Уже вскоре братья Гримм убедились, что здесь, в Берлине,
С одной стороны, братья Гримм были довольны, что нашли наконец тихую пристань, с другой — они постоянно ощущали груз многочисленных обязанностей. Якоб говорил: «Внешне мы снова чувствуем себя уверенно и пользуемся уважением». Но: «Внутренне я чувствую себя часто неуютно». Одновременно он жаловался на «усталость и резко ощущавшуюся разбитость». Да, удары судьбы не прошли бесследно — уже не было той почти нечеловеческой работоспособности. Все чаще задумывался он, хватит ли ему отпущенного времени на решение многочисленных задач, которые поставил себе.
Еще в 1838 году в Геттингене, когда Якоба мучили мысли о близкой смерти, он составил завещание. Думая, что многие из его трудов останутся незаконченными, он распорядился, чтобы «все тетради с литературными записями были сожжены». Исключение он сделал только для сборника «Судебных приговоров» и для дополнений к уже изданным книгам.
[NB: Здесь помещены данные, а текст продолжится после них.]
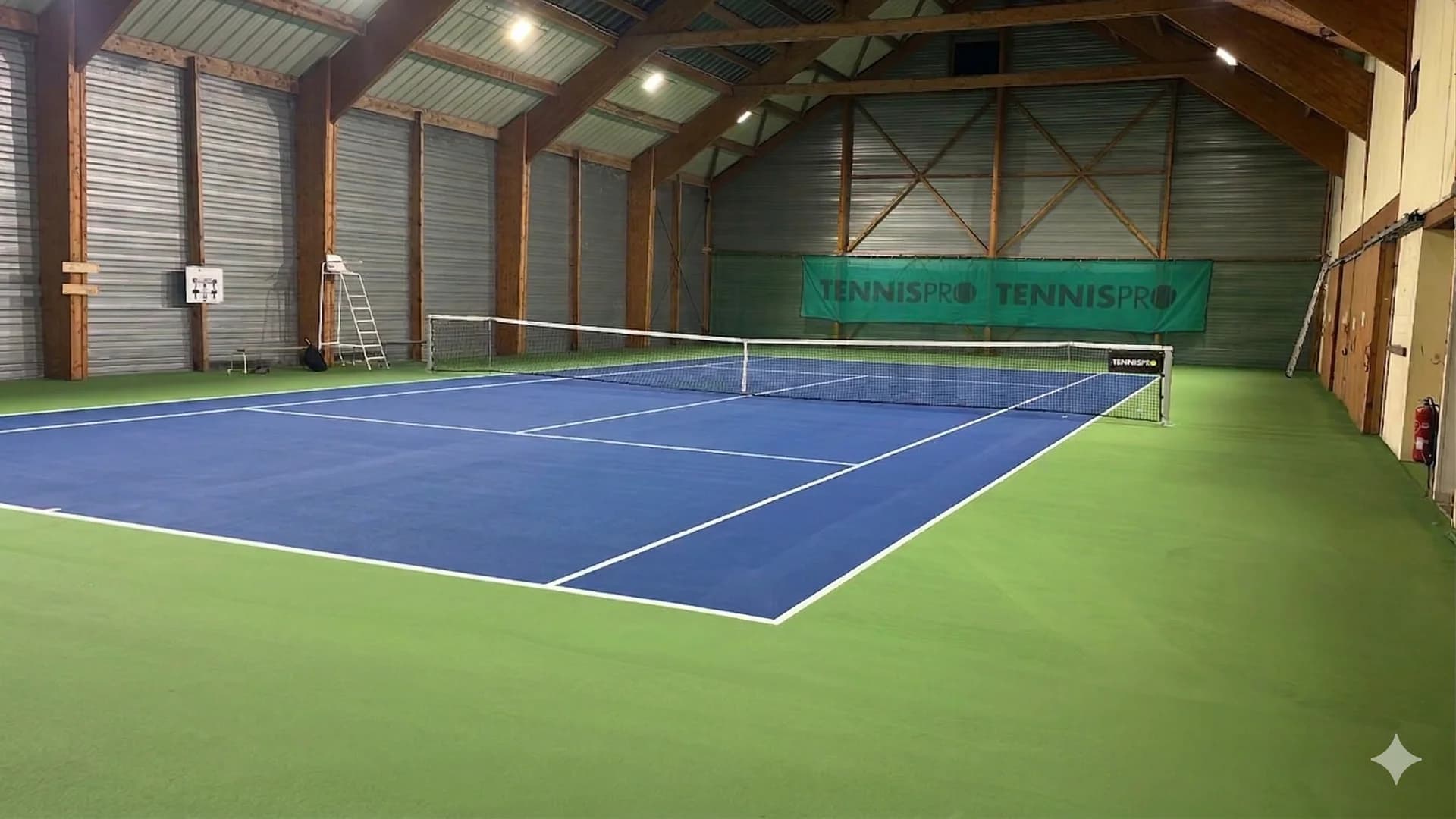 Court couvert : pose de la résine définitive !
Все имущество должно перейти к брату Вильгельму или его детям.
В сентябре 1841 года это завещание он повторил, дополнив письмом-обращением к Вильгельму и Дортхен. Из письма видно, что этому ученому, производившему впечатление предельно собранного человека, не чужды были приступы меланхолии и мысли о неотвратимом конце. В письме к брату и невестке ему в первую очередь важно было сказать, что никто не должен пострадать из-за его незавершенной работы: «Если «Словарь» остановится из-за моей смерти, то я хочу, чтобы издателям Хирцелю и Раймеру были возмещены убытки». Что же касается его пожелания сжечь после смерти все прочие научные разработки, то он на этом настаивал, считая: «С моими записями кто-либо другой вообще ничего не сможет сделать». «Мои мысли и рассудок, — писал он дальше, — в эту минуту спокойны и светлы, но мое тело в последние дни снова охватила такая тяжесть и усталость, что я жажду предстать перед богом, раствориться в нем, который примет меня таким, каким он меня создал, который знает, почему он хочет, чтобы наши глаза закрылись, наши руки застыли, а наши сердца остановились. Поверьте мне, любовь к близким — самое святое на свете, и не забывайте меня, как я не забывал о своей дорогой матушке».
Но пока не было необходимости вручать это завещание Вильгельму и Дортхен, так как Якоб чувствовал себя уже лучше. Однако и в последующие годы еще не раз у него случались подобные приступы меланхолии. Так, в 1843 году врачи не только прописали ему водолечение, но даже временно запретили чтение лекций. Он писал тогда: «В груди большая слабость, легкие пока не затронуты, но, когда я говорю, появляется боль и хрипота».
Еще хуже было у Вильгельма, который с детства болел. В феврале 1842 года он почувствовал себя плохо. Обеспокоенный Якоб писал Дальману: «Недавно опять, кажется, наступило ухудшение, пульс увеличился до 130 и больше ударов в минуту, в то время как ноги и руки стали почти холодными, и вместо лихорадки наступило состояние, похожее на паралич». Болел он в этот раз несколько месяцев, исхудал — опасались, что чахотка. Слабость была на протяжении всего лета. Казалось, что эти месяцы он прожил в каком-то мраке, иногда терял сознание, приходил в себя и жаловался на сильнейшие головные боли. «Я не мог вспомнить даже самое известное, — говорил Вильгельм, — и мне ничего не оставалось, как отдаваться фантазии, которая, подобно летящей над морем птице, нигде не может найти хоть клочок суши и отдохнуть». Позднее он пришел к выводу, что остался жив только благодаря силе духа. Лишь осенью Вильгельм смог наконец выйти из уютной квартиры у Тиргартена и отправиться, опираясь на трость, на прогулку под старыми дубами и буками.